What the exercise asks - Please return the full listing exactly as written, with the images removed.
*** Exercise data Section Begins ***
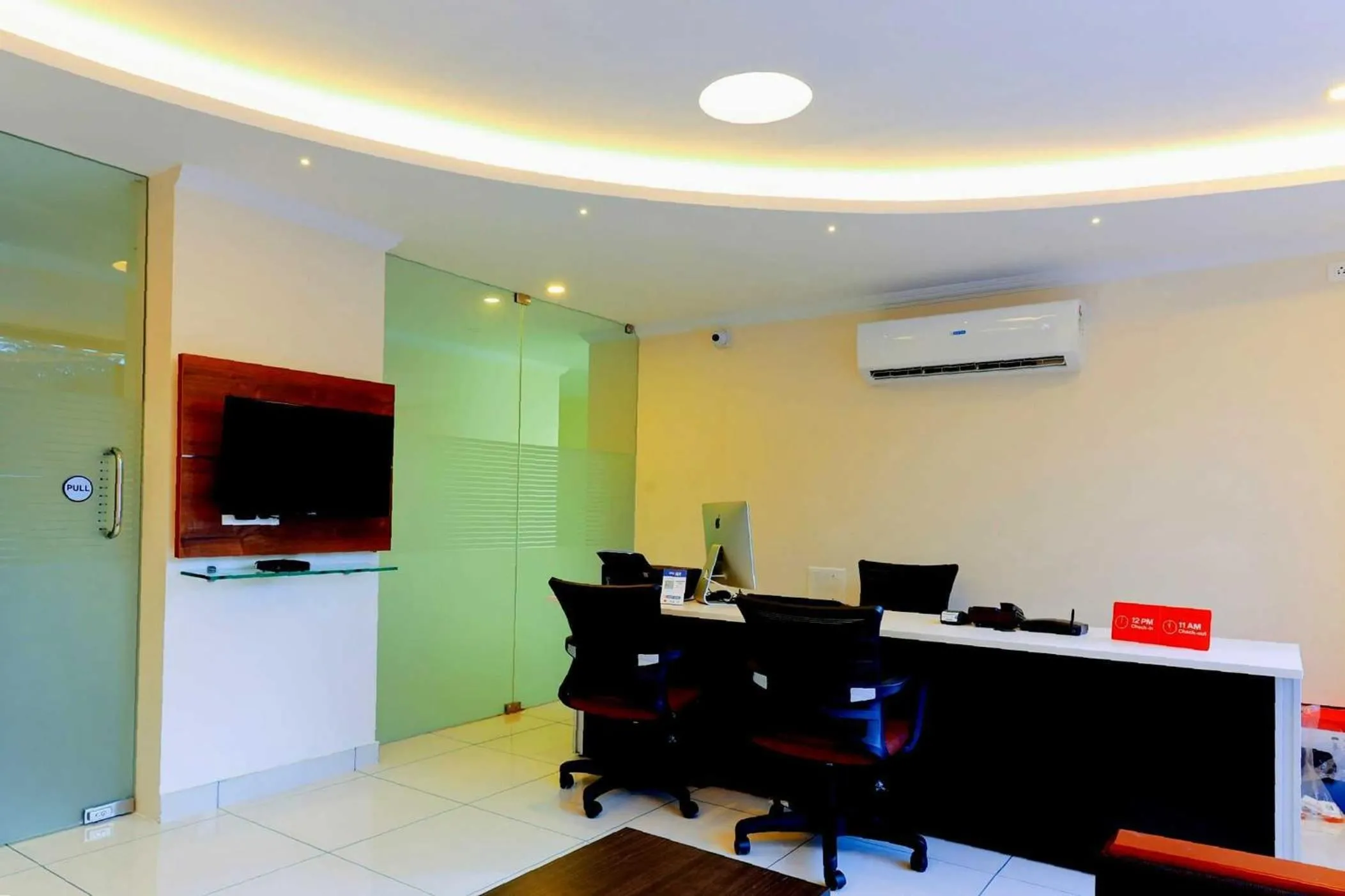 Lobby or reception in Collection O Companion Leisure Homes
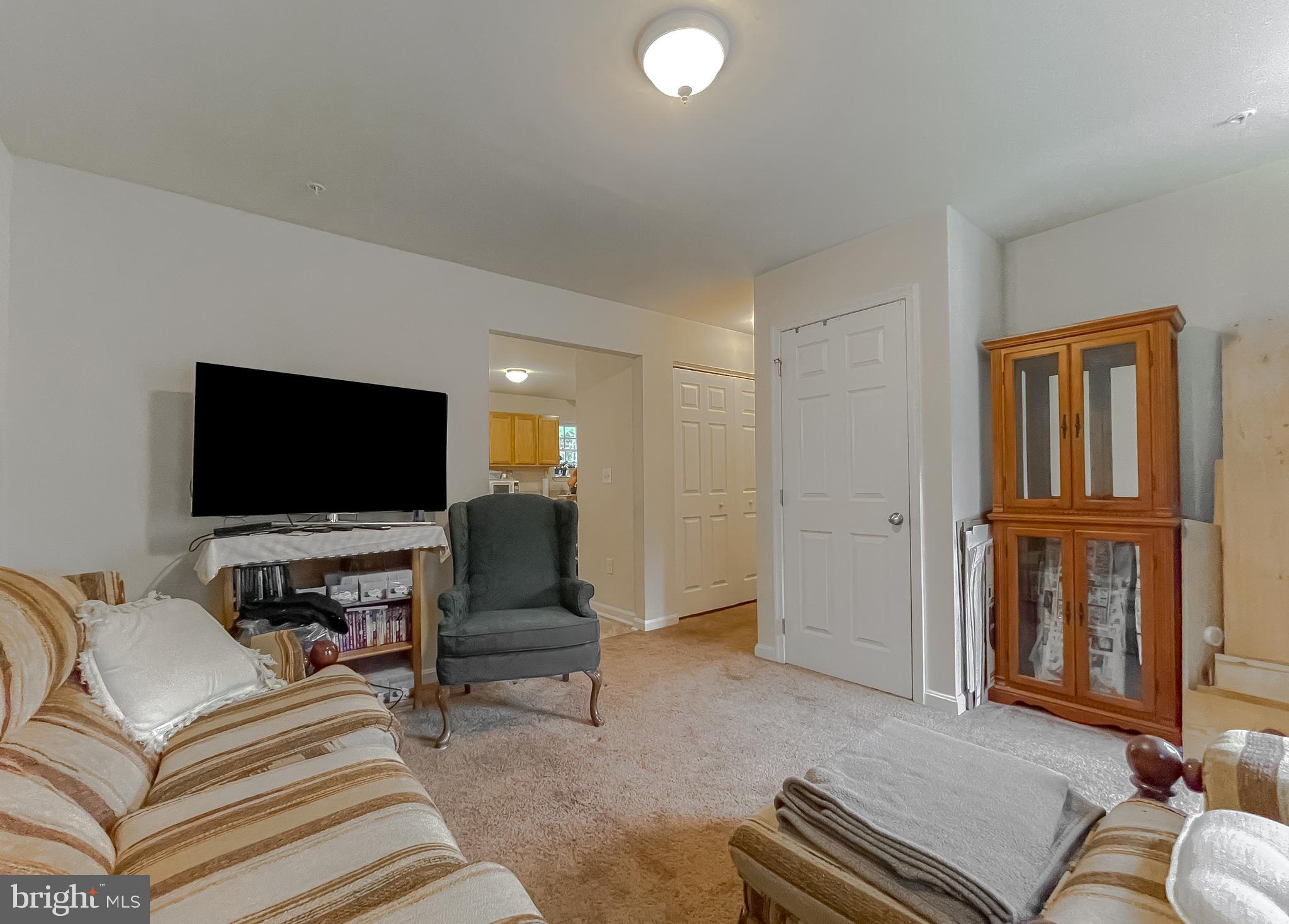 NEWTOWN VILLAGE SUB - Residential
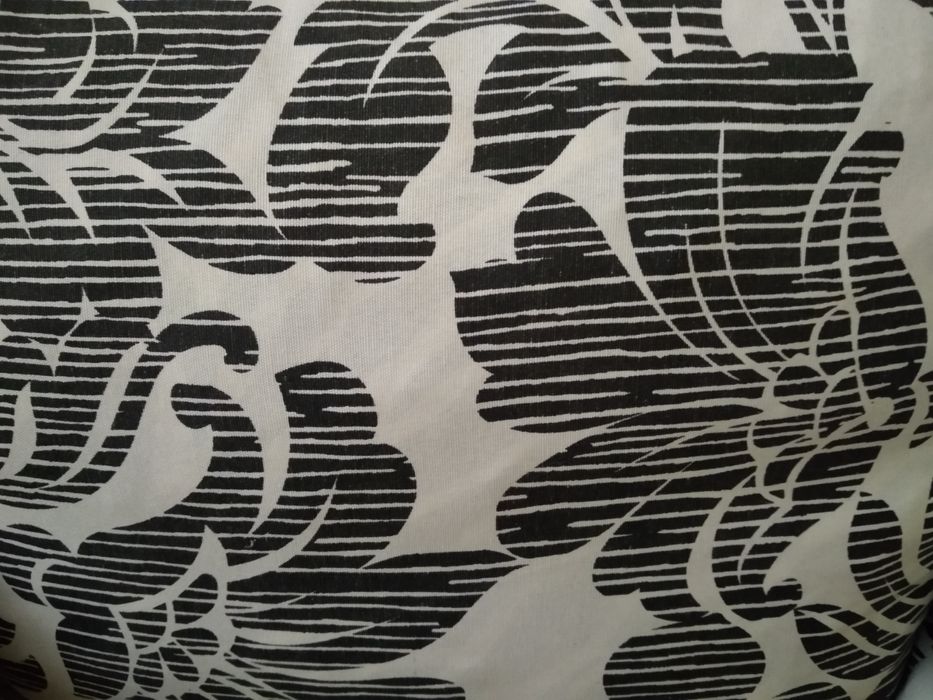 Възглавници черно и бяло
*** Exercise data Section Ends ***
Output of the exercise -
 Lobby or reception in Collection O Companion Leisure Homes
 NEWTOWN VILLAGE SUB - Residential
 Възглавници черно и бяло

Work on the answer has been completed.